▶ **Assigned task**: Copy each line below in which the string "free" occurs.
^^^^^^^^^^^^^^^^
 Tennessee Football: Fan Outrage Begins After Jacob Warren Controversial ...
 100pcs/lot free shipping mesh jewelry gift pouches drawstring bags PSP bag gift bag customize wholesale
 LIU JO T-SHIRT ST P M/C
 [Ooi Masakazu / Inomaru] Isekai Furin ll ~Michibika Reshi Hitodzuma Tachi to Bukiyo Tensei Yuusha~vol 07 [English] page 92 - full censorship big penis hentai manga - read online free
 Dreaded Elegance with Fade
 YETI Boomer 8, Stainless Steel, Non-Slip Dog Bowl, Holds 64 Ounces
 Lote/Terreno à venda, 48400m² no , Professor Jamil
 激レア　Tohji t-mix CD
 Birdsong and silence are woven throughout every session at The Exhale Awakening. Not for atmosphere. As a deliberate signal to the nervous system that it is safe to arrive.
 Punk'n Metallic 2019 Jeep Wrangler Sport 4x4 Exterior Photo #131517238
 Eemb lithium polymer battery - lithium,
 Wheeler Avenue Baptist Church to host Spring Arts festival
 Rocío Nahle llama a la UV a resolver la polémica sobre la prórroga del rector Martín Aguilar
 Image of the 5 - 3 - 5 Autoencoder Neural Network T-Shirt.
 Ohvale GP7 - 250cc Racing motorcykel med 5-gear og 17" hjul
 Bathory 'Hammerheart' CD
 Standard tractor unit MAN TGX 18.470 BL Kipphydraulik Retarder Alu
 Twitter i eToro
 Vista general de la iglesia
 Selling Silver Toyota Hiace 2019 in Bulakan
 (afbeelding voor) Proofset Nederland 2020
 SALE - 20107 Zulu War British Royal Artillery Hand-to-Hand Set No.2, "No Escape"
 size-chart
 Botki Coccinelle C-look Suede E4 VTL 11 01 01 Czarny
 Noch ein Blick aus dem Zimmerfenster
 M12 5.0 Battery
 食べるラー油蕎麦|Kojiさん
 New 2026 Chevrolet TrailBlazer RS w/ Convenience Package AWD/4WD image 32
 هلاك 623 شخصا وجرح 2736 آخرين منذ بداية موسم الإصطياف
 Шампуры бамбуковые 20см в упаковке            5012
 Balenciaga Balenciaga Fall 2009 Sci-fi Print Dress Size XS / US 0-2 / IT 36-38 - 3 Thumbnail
^^^^^^^^^^^^^^^^
▶ **Output below**:
 100pcs/lot free shipping mesh jewelry gift pouches drawstring bags PSP bag gift bag customize wholesale
 [Ooi Masakazu / Inomaru] Isekai Furin ll ~Michibika Reshi Hitodzuma Tachi to Bukiyo Tensei Yuusha~vol 07 [English] page 92 - full censorship big penis hentai manga - read online free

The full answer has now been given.